DIFFERENT LURES FOR DIFFERENT SITUATIONS
Ice-fishing is similar to open water fishing in at least one way: There is a wide assortment of lures available to ice-anglers. Some open water lures catch fish through the ice, but there are a few lures that have mostly ice-fishing appeal. As with open water lures, selecting the proper ice-fishing lure will increase your chances of getting bit.
If walleyes are the target, traditional baits like jigs and a simple hook/split-shot rig will do a good job. However, in many situations, jigging spoons or Airplane Jigs will do an even better job.

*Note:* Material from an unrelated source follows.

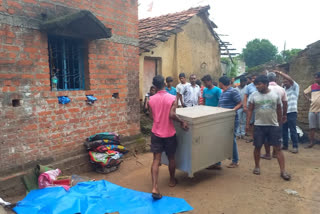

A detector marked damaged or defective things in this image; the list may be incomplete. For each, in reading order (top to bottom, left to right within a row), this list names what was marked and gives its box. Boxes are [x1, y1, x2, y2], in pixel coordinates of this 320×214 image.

broken window [47, 35, 87, 90]
damaged brick wall [0, 0, 140, 176]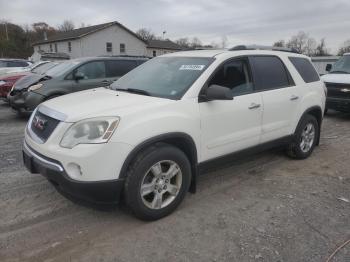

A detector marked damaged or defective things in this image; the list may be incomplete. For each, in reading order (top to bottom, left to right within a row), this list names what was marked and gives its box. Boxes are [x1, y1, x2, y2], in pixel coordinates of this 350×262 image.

Jigging spoons are a chunk of painted metal or lead with a single hook molded into it or a treble hook attached with a split ring. The bait is designed to flutter as it falls. Jigging spoons have attracted a strong following among walleye anglers and are probably the most popular lure for walleyes when it comes to ice-fishing.
The Buck-Shot Rattle Spoon is a jigging spoon with a built-in rattle chamber. These rattles give the bait a very unique sound, and sound can be a real aid in triggering walleyes to strike. In stained water the rattle helps the walleyes find the bait, while in clear water it will attract them from farther away.

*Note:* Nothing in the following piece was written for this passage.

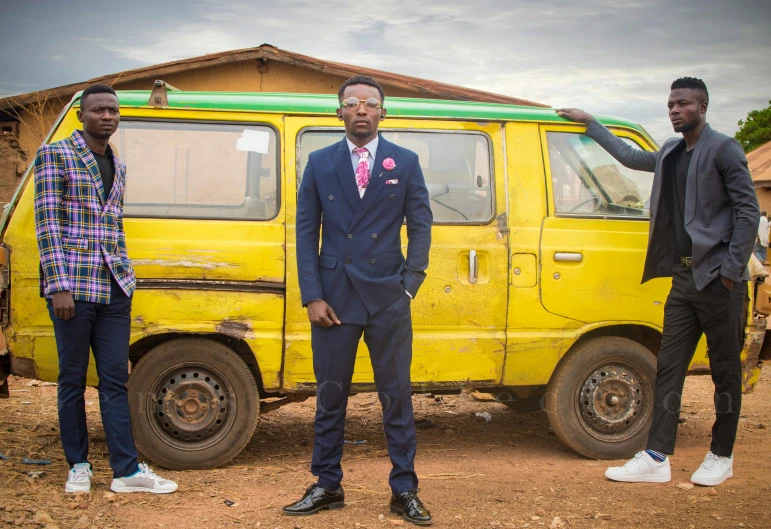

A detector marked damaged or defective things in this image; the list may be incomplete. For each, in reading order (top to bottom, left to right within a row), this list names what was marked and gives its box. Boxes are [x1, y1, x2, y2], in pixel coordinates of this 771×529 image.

Another style of lure that is very popular with walleye anglers is the Airplane Jig. This bait has wings that enable the jig to swim in half-circles as it falls. Unlike a jigging spoon, an Airplane Jig will kind of “fly” as it falls. At times, the “flying” action of the bait really attracts the fish and triggers them to strike.

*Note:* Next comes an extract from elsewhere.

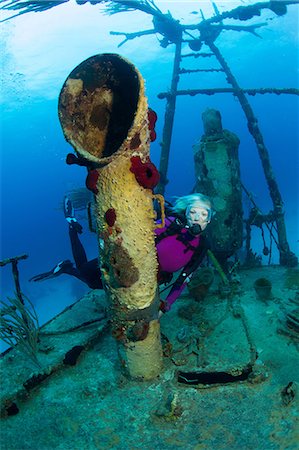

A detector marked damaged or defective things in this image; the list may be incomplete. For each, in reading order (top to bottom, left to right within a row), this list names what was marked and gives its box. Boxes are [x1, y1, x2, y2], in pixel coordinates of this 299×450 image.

corroded pipe [58, 54, 164, 382]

Jigging spoons and Airplane Jigs are almost always tipped with some kind of attractant. A minnow or minnow head has been popular and productive for a long time and continues to be. However, in the past couple of years, ice-anglers have been adding Gulp! Maggots to these baits. If you are using a spoon with a treble hook, put a Maggot on two of the hooks to increase scent and enhance color.
If using a bait with a single hook, trying adding a couple of Maggots, and hook them so they dangle on the hook. Instead of threading them onto the hook, just lightly hook them through one end.
Color and lure action are very important considerations when using the baits for walleyes. Sometimes they want a fast jigging action, other times they prefer the bait barely moving. There are times when you’ll get bit the best when you just shake your hand a little bit while hanging onto the rod.
Keep in mind that walleyes under the ice can show a preference to a particular style of lure just like they can in open water. If you remember this and try the different types of lures, you’re going to catch more fish.